The problem provides two pieces of information about matrix A:

$A = \begin{bmatrix} 1 & -1 \\ 2 & -1 \end{bmatrix}$
$A^2 = \begin{bmatrix} 1 & -1 \\ -1 & 0 \end{bmatrix}$

From the first piece of information, where $A$ is explicitly defined, we can directly determine the values of $a, b, c,$ and $d$ by comparing the elements of the given matrix with the general form $\begin{bmatrix} a & b \\ c & d \end{bmatrix}$ :

$a = 1$

$b = -1$

$c = 2$

$d = -1$

Now, let's evaluate the expression $a + 2b + c + d$ using these values:

$a + 2b + c + d = 1 + 2(-1) + 2 + (-1)$

$= 1 - 2 + 2 - 1$

$= (1 + 2) - (2 + 1)$

$= 3 - 3$

$= 0$

Note on the contradictory information:

The second piece of information, $A^2 = \begin{bmatrix} 1 & -1 \\ -1 & 0 \end{bmatrix}$ , appears to be contradictory to the first definition of $A$ . Let's verify $A^2$ using the values of $A$ from the first definition:

$A = \begin{bmatrix} 1 & -1 \\ 2 & -1 \end{bmatrix}$

$A^2 = A \cdot A = \begin{bmatrix} 1 & -1 \\ 2 & -1 \end{bmatrix} \begin{bmatrix} 1 & -1 \\ 2 & -1 \end{bmatrix}$

$A^2 = \begin{bmatrix} (1)(1) + (-1)(2) & (1)(-1) + (-1)(-1) \\ (2)(1) + (-1)(2) & (2)(-1) + (-1)(-1) \end{bmatrix}$

$A^2 = \begin{bmatrix} 1 - 2 & -1 + 1 \\ 2 - 2 & -2 + 1 \end{bmatrix}$

$A^2 = \begin{bmatrix} -1 & 0 \\ 0 & -1 \end{bmatrix}$

This calculated $A^2$ is $\begin{bmatrix} -1 & 0 \\ 0 & -1 \end{bmatrix}$ , which is not equal to the given $A^2 = \begin{bmatrix} 1 & -1 \\ -1 & 0 \end{bmatrix}$ .

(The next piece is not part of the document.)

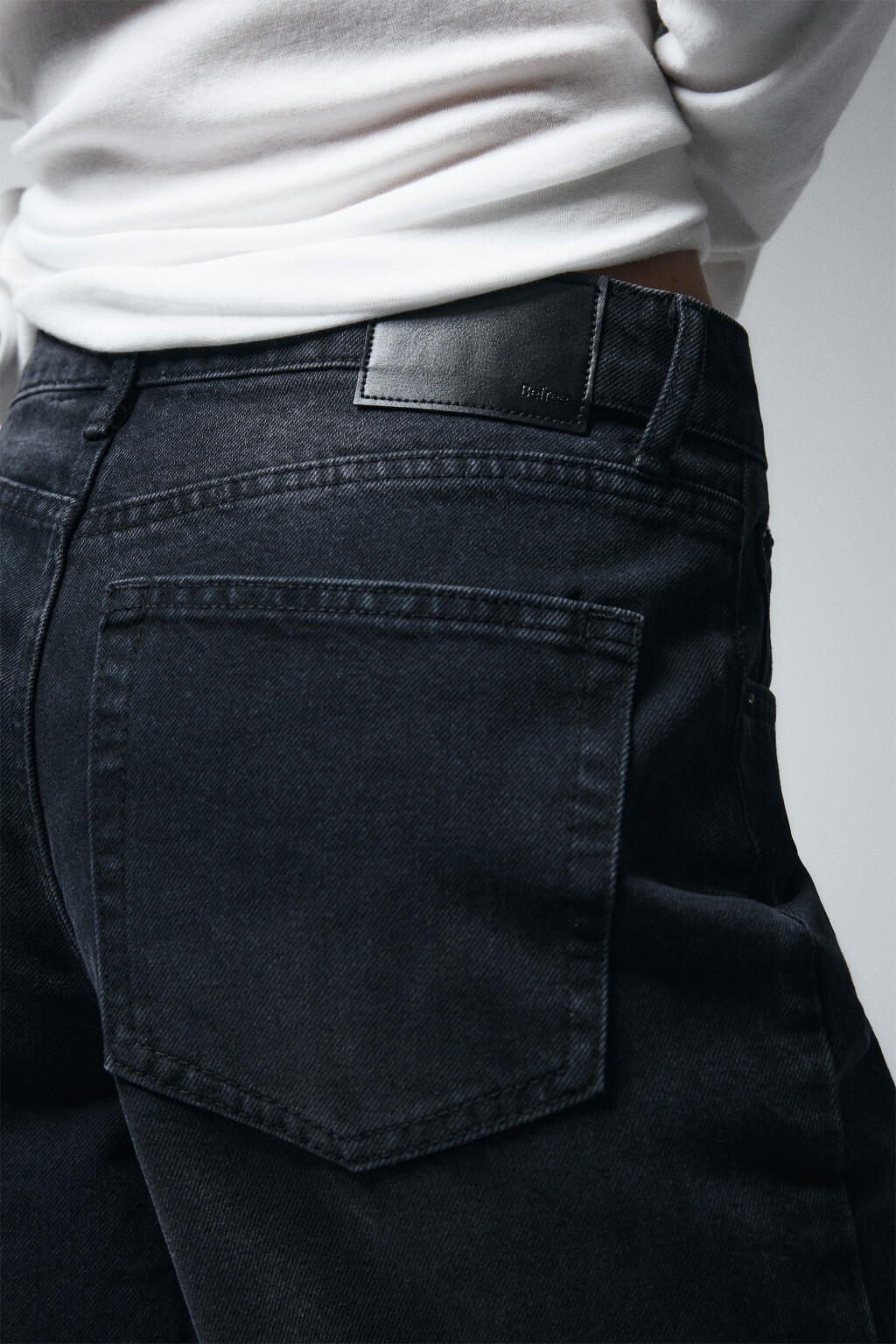 Джинсы широкие со средней посадкой - цвет черный - 6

In such cases, when a variable is explicitly defined, that definition takes precedence. The additional, contradictory information is usually a distractor or an error in the question's premise. Therefore, we rely on the direct definition of $A$ to find $a, b, c, d$ .